PROBLEM DETAILS: Print, in exact form, the lines below from the one containing "Royal python for sale" through the one containing "62 Painting Images", and omit all others.

RECORDS PROVIDED:
* * *

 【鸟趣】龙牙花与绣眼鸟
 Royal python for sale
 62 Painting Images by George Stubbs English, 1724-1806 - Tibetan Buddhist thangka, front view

* * *

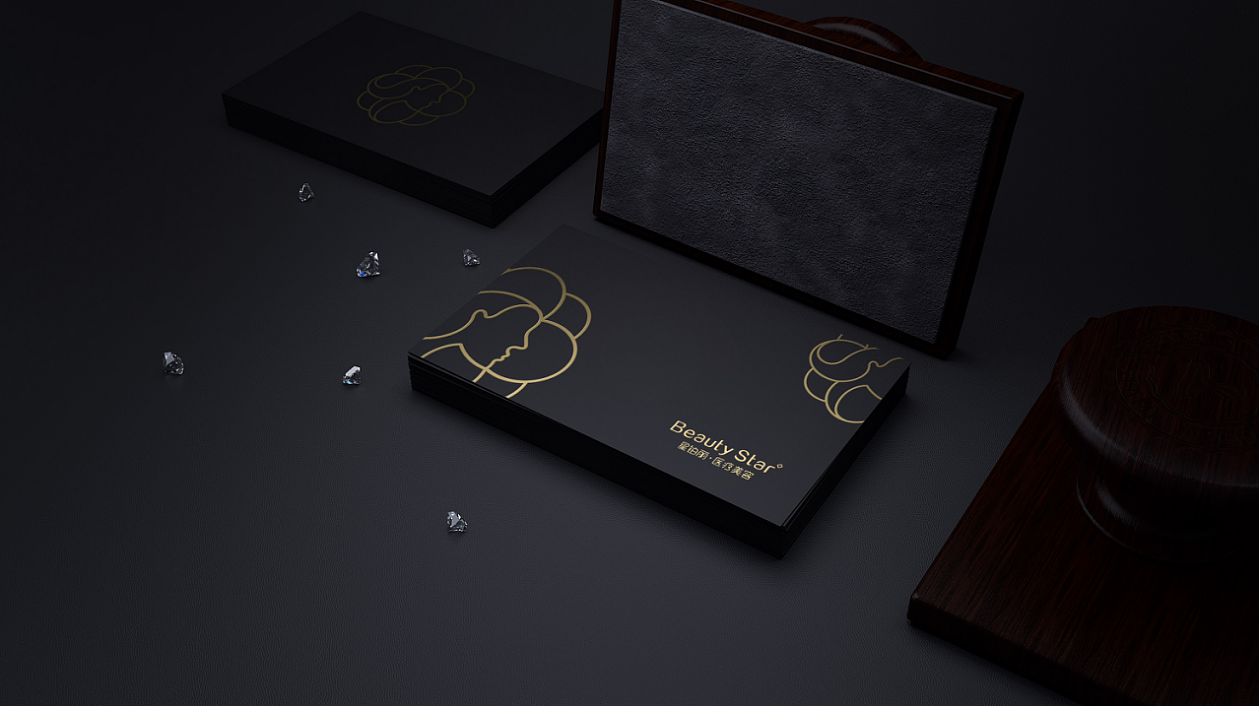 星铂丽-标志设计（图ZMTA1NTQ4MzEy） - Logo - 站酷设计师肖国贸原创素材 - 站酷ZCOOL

* * *

RESPONSE TO THIS EXERCISE:
 Royal python for sale
 62 Painting Images by George Stubbs English, 1724-1806 - Tibetan Buddhist thangka, front view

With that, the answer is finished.